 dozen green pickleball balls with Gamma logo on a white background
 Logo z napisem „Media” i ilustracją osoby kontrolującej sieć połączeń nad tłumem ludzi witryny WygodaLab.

==

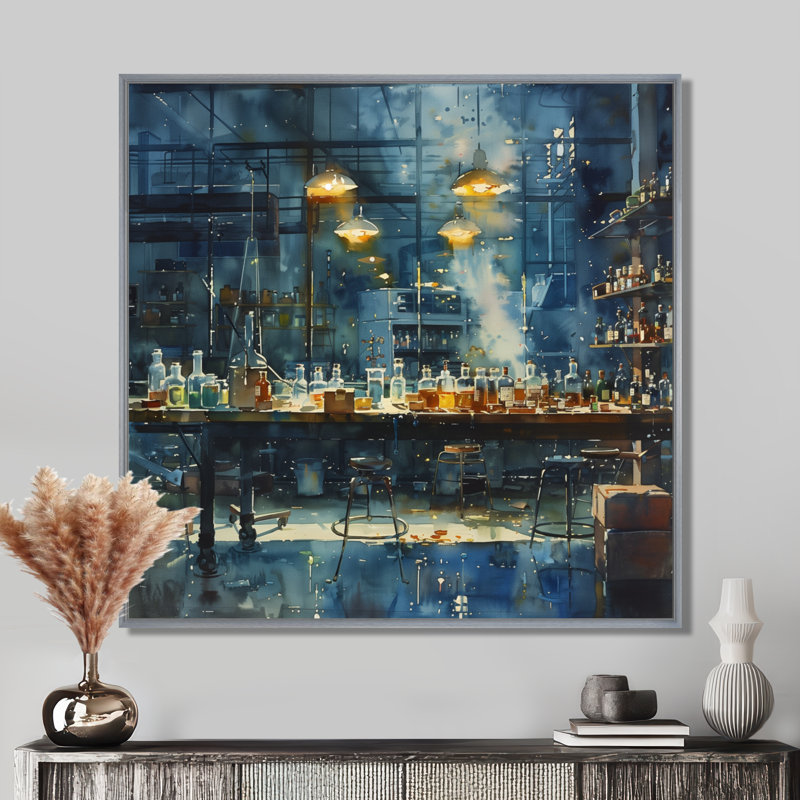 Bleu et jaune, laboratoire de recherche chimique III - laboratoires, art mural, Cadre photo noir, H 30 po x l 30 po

> **What is being asked**: Within the material above, transcribe exactly the lines that run from the line holding "dozen green pickleball" through the line holding "Logo z napisem".

> **Final answer**:
 dozen green pickleball balls with Gamma logo on a white background
 Logo z napisem „Media” i ilustracją osoby kontrolującej sieć połączeń nad tłumem ludzi witryny WygodaLab.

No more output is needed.